(Dataset items)

▬▬▬▬▬▬

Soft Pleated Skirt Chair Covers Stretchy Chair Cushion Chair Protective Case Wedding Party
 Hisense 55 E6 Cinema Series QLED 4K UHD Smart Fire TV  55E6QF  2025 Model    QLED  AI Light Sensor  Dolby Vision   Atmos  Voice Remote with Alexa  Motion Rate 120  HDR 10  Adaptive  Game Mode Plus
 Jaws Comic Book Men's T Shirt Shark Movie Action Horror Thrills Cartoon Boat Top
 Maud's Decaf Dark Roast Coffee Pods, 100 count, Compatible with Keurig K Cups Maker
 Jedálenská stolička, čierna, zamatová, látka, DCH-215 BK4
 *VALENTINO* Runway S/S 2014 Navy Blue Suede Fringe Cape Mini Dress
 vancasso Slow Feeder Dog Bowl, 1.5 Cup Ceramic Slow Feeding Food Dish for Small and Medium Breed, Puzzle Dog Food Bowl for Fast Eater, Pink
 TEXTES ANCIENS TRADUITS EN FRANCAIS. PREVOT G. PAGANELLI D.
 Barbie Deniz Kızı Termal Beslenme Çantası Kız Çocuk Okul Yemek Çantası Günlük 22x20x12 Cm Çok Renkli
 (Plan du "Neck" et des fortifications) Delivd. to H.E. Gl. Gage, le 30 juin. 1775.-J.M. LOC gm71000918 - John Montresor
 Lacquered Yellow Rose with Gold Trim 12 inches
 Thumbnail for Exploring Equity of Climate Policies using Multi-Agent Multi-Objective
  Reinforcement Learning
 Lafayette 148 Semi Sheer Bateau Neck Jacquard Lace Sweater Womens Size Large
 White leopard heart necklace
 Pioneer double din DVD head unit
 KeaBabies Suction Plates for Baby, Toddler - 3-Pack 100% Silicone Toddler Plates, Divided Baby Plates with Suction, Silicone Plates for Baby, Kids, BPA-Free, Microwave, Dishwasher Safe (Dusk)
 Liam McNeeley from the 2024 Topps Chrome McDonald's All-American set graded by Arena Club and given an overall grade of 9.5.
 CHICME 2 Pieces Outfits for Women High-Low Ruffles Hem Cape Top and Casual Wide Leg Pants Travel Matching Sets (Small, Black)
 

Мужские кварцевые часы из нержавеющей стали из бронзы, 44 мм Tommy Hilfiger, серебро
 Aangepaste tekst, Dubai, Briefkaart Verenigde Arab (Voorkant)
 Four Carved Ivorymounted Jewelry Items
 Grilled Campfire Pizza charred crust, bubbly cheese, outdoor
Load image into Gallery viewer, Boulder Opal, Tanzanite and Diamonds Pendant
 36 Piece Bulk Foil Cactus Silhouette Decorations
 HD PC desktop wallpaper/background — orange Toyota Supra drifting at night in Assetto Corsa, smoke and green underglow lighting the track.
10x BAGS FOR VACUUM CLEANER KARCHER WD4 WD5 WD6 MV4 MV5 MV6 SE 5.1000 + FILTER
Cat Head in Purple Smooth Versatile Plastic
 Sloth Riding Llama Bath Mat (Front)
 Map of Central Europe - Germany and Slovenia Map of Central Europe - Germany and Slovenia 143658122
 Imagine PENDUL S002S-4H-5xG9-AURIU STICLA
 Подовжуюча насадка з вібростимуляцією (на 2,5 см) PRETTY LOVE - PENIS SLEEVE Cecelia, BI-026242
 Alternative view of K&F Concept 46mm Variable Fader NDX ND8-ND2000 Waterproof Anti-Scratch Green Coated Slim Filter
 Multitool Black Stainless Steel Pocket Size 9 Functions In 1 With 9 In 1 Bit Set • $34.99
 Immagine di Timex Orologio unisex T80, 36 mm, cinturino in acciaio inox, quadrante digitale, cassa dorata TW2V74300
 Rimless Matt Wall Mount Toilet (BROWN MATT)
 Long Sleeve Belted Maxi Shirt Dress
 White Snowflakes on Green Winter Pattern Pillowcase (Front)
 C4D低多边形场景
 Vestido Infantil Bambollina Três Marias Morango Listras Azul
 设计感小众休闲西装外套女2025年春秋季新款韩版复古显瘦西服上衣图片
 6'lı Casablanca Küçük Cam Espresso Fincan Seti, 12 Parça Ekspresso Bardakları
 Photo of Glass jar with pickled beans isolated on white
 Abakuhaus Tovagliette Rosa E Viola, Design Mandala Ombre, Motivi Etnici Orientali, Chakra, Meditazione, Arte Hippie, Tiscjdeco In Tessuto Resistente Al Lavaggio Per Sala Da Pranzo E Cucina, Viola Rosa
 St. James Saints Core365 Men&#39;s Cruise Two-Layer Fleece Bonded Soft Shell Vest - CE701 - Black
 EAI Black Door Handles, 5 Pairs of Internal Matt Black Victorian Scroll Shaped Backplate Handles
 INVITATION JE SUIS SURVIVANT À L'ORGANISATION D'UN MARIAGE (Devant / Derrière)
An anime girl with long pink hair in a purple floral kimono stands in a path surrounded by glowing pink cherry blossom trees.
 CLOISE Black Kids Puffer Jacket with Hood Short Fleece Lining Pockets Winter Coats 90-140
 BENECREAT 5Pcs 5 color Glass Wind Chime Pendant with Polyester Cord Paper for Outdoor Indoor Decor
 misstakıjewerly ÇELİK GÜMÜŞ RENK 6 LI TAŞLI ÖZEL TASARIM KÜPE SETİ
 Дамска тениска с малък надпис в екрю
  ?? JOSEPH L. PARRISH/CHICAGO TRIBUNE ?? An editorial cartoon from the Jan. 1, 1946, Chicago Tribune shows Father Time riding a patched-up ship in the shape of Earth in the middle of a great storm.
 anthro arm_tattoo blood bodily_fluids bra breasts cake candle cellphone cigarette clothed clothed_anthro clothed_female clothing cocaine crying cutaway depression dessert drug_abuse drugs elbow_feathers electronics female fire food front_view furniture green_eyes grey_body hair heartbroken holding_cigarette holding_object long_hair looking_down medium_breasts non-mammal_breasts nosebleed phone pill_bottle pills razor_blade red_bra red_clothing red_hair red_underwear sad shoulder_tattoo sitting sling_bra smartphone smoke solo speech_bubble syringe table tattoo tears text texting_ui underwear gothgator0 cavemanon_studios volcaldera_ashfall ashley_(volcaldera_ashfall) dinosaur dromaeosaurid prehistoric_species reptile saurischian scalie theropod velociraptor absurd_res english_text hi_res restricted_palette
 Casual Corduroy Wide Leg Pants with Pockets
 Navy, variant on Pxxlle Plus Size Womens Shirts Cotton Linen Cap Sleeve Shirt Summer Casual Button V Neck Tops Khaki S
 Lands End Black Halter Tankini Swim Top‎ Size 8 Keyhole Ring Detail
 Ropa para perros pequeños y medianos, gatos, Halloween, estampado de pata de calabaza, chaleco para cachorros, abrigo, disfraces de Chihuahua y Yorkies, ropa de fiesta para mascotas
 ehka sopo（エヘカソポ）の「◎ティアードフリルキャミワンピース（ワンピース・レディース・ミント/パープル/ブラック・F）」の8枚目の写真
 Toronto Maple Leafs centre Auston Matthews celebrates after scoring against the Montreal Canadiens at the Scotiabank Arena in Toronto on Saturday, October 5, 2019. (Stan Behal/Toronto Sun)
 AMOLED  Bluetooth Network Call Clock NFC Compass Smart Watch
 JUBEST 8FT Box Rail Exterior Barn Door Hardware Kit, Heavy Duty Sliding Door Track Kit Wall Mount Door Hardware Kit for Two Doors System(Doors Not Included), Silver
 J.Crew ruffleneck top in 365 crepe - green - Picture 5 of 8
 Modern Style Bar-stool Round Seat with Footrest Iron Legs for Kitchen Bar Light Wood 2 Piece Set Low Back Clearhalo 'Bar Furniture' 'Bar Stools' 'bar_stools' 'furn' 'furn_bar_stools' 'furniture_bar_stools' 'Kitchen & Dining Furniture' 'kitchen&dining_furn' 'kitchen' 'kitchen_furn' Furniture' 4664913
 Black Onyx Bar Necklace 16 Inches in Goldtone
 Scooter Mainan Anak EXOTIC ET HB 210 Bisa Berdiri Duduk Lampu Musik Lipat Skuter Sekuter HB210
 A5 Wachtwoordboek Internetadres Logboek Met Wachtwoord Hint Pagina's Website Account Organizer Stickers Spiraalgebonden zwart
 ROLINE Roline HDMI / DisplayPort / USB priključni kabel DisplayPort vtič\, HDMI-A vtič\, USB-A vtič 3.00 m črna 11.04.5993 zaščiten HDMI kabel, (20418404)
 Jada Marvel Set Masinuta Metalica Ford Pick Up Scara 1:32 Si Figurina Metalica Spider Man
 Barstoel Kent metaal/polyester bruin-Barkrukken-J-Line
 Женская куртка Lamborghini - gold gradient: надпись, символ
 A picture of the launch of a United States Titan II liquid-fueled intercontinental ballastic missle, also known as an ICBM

▬▬▬▬▬▬

**Exercise details**
Look above for the line with "Sloth Riding Llama Bath Mat (Front)" and the line with "Подовжуюча насадка з". Write out those two lines and all the lines between them, exactly, and no others.

**Answer to this exercise**
 Sloth Riding Llama Bath Mat (Front)
 Map of Central Europe - Germany and Slovenia Map of Central Europe - Germany and Slovenia 143658122
 Imagine PENDUL S002S-4H-5xG9-AURIU STICLA
 Подовжуюча насадка з вібростимуляцією (на 2,5 см) PRETTY LOVE - PENIS SLEEVE Cecelia, BI-026242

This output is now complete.